Lebih lanjut, penurunan juga terlihat di variabel partisipasi politik dalam pengambilan keputusan dan pengawasan pemerintah yang menyusun aspek kebebasan sipil. Skornya pada 2020 anjlok ke 54, lebih rendah dibanding 2019 dan 2009. Peran partai politik juga menurun dengan skor 75,66 pada 2020.

Regulasi Bermasalah

Pada tahun 2021, IDI mencatat sebanyak 94 aturan yang memiliki substansi membatasi kebebasan berkumpul, berserikat, berekspresi, berpendapat, dan berkeyakinan. Peraturan-peraturan tersebut tersebar di 24 provinsi.

Sepuluh provinsi yang tidak mengeluarkan aturan tertulis yang dinilai membatasi kebebasan berkumpul, berserikat, berekspresi, berpendapat, dan berkeyakinan, yaitu Provinsi Bengkulu, DKI Jakarta, DI Yogyakarta, Nusa Tenggara Timur, Kalimantan Barat, Kalimantan Utara, Sulawesi Utara, Sulawesi Tengah, Maluku Utara, dan Papua.

Sumatera Barat, Kalimantan Selatan, dan Sulawesi Selatan merupakan 3 (tiga) provinsi yang paling banyak memiliki aturan yang dinilai membatasi kebebasan berkumpul, berserikat, berekspresi, berpendapat, dan berkeyakinan yaitu masing-masing sebanyak 16 (enam belas) aturan di Sumatera Barat, 10 (sepuluh) aturan di Kalimantan Selatan, dan 9 (sembilan) aturan di Sulawesi Selatan.

Menteri Koordinator Bidang Kemaritiman dan Investasi Luhut Binsar Pandjaitan (Al Drago/Bloomberg)

Dalam kasus termutakhir Menteri Luhut vs aktivis sosial, jaksa mendakwa Haris dan Fatia dengan pelanggaran Pasal 27 ayat 3 juncto Pasal 45 ayat 3 Undang Undang tentang Informasi dan Transaksi Elektronik, dan Pasal 14 ayat 2 Undang Undang Nomor 1 Tahun 1946, Pasal 15 UU Nomor 1 Tahun 1946, serta Pasal 310 KUHP.

Undang-Undang tentang Informasi dan Transaksi Elektronik tahun 2008 sudah lama disebut sebagai salah satu regulasi problematis yang banyak berisi pasal karet dan sering menjadi ancaman kebebasan berpendapat dan berbicara.

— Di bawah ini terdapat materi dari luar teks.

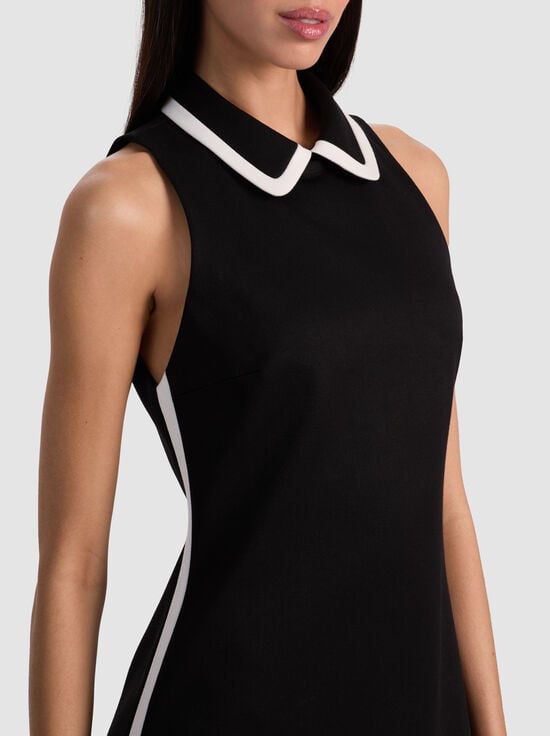 BLACK-VELIA COLLARED MINI DRESS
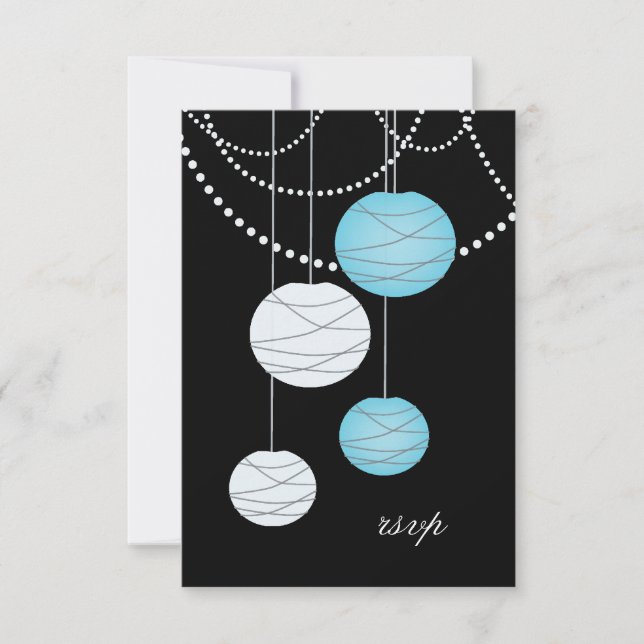 RSVP Aqua Blue Paper Lanterns Bodas (Anverso)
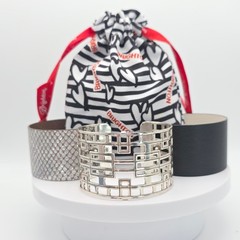 BRIGHTON “Christo Lyon” Bracelet Wide Cuff Reversible Inserts Silver Plate 7″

Undang-Undang yang terbit di masa kepemimpinan Presiden Susilo Bambang Yudhoyono itu sudah banyak memakan "korban", termasuk dari elemen masyarakat sipil seperti jurnalis. 

Pada 2019 misalnya, Dandhy Dwi Laksono, Jurnalis Watchdoc, dijerat dengan pasal ujaran kebencian karena menulis cuitan di akun Twitter pribadinya tentang kondisi politik di Wamena dan Jayapura. Lalu, pada tahun yang sama, Gencar Jarot merupakan seorang jurnalis sekaligus pemilik media berita online koranindigo.online di Parigi Moutong, Sulawesi Tengah, juga menjadi tersangka kasus ITE menyusul tulisannya tentang kebijakan rumah sakit daerah.

Kemudian ada juga jurnalis Fadli Aksar dan Wiwid Abid Abadi, jurnalis detiksultra.com dan okesultra.com juga dilaporkan ke polisi dengan jeratan pasal UU ITE karena liputannya tentang dugaan maladministrasi Pemilu Legistaltif di Sulawesi Tenggara.

Pada April lalu, berdasarkan siaran pers Kementerian Komunikasi dan Informatika, pemerintah bersama DPR-RI sepakat untuk memulai pembahasan Rancangan Undang-Undang (RUU) tentang Perubahan Kedua atas Undang-Undang Nomor 11 Tahun 2008 tentang Informasi dan Transaksi Elektronik (ITE). 

Revisi atas UU ITE akan dilakukan agar dapat menjamin kepastian ketertiban di ruang siber dengan memberikan perlindungan bagi masyarakat dari penyalahgunaan teknologi informasi secara umum.  

“Kami telah mengadakan diskusi publik RUU ITE di bulan September dan Desember tahun 2022. Dari diskusi tersebut, terdapat masukan bahwa RUU ITE perlu menyertakan norma restorative justice. Usulan ini direncanakan dimuat dalam dua bagian UU ITE yakni keadilan restoratif berupa upaya penyelesaian tindak pidana yang merupakan delik aduan, dimana bagian penjelasan dimana bentuk aplikasi restorative justice yang dimaksud adalah penyelesaian di luar pengadilan,” jelas Johnny G. Plate, Menkominfo yang menjabat ketika itu.